The same design has been used for 12 of the overbridges, which are being built as integral structures with steel beams and composite decks, and typically span 30m. They are supported on skeletal abutments made up of 600m diameter and 6m high circular concrete columns built using cardboard formwork - something that is more familiar in the building sector than civil engineering. “This is the first time cardboard formwork has been used for such large columns,” explains Balfour Beatty chief engineer Richard Jones. “We carried out trials to prove it could withstand the concrete pressures.” Dixon adds: “Normally all decisions are done for safety, and the cardboard columns typified that.
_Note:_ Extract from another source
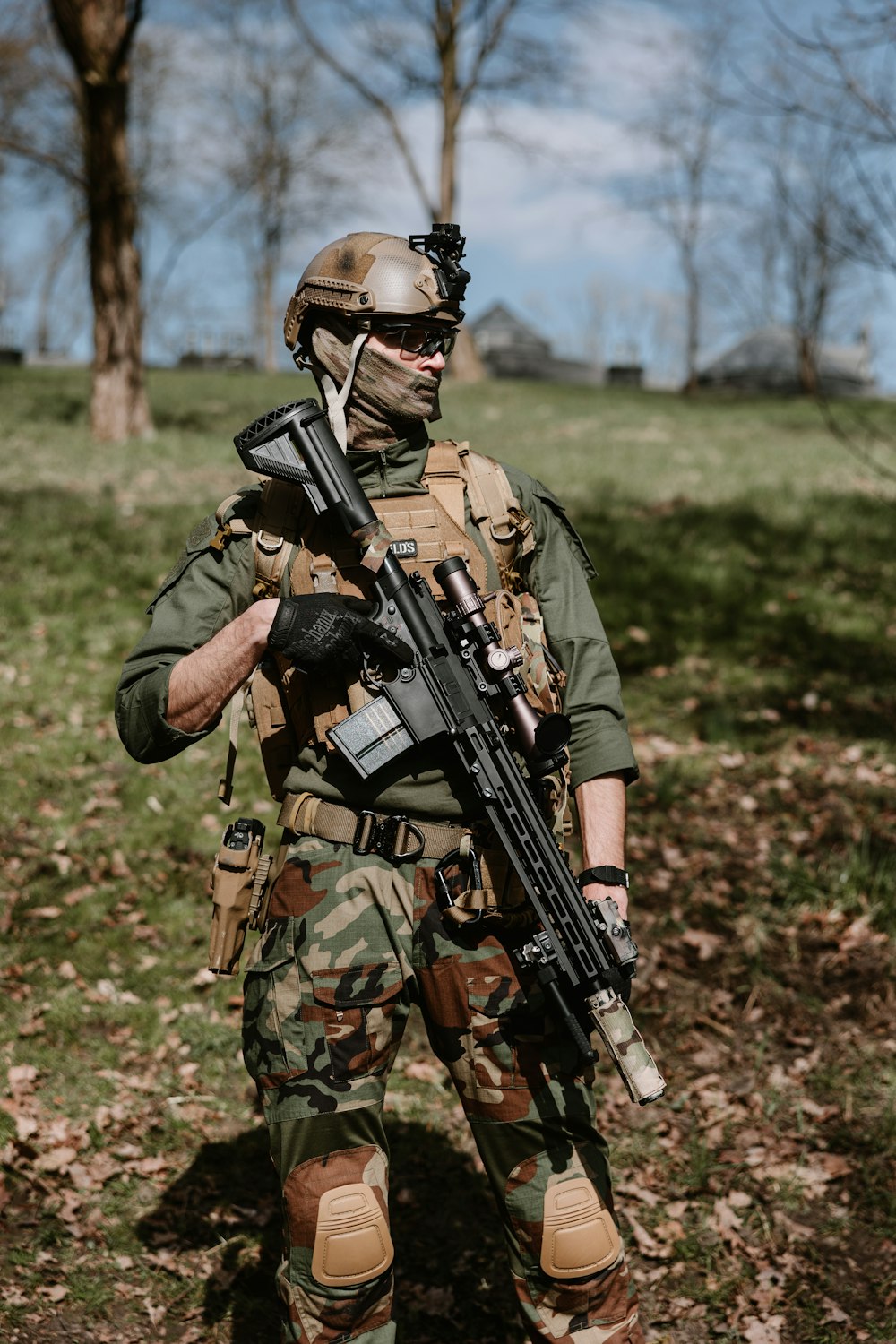 a man in camouflage holding a rifle in a field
You can get in and out quickly, and there are less people working at height for a shorter time.”

The columns sit within manhole rings, making the entire abutment structure quite flexible. “You get better moment distribution through the deck, and it means you don’t need such a lot of reinforcement at the corners,” explains Jones. A capping beam is cast on top of the columns to form a bankseat, and the steel deck beams are temporarily rested on top of the bankseat, before being cast into position with the deck to form the integral bridge.

Standard design

A standard design has also been used for the underbridges, which are also integral structures, but this time are built using full height concrete abutments, precast concrete beams and reinforced concrete deck. At one location - Cropwell Bishop - where the new road is very close to the existing one, the new underbridge is being built using top down construction to improve buildability and safety. “It has eliminated the need for an expensive temporary works support scheme adjacent to live traffic,” explains Jones.

 

ROAD CONSTRUCTION

Balfour Beatty and its supply chain partners Lafarge and John Jones have been testing the possibility of building much of the road using machines controlled by GPS and laser, rather than traditional pins and string lines.

“GPS systems on the earthworks machines gives sufficient accuracy for those operations, but we’re trying to move to a point where we can get better accuracy in the other layers of the road construction,” explains Balfour Beatty construction manager Pete Taylor.

“The standard way is to put a pin in every 10m and set the levels then dip across with string lines, but that’s a bit old fashioned.”

Survey equipment and machine control specialist Topcon has been developing a system that can increase the accuracy so that the sub-base can be laid automatically by machine.
If this can be achieved to an accuracy that everyone is happy with, the top two layers of the pavement - the binder and surface course - could go down simply by setting the paving machines to lay a constant thickness of material.

The system was trialled last year, and Balfour Beatty is hoping to get Highways Agency approval to use it for the remaining 380,000t of blacktop that still has to be laid once the paving season starts up again in the Spring.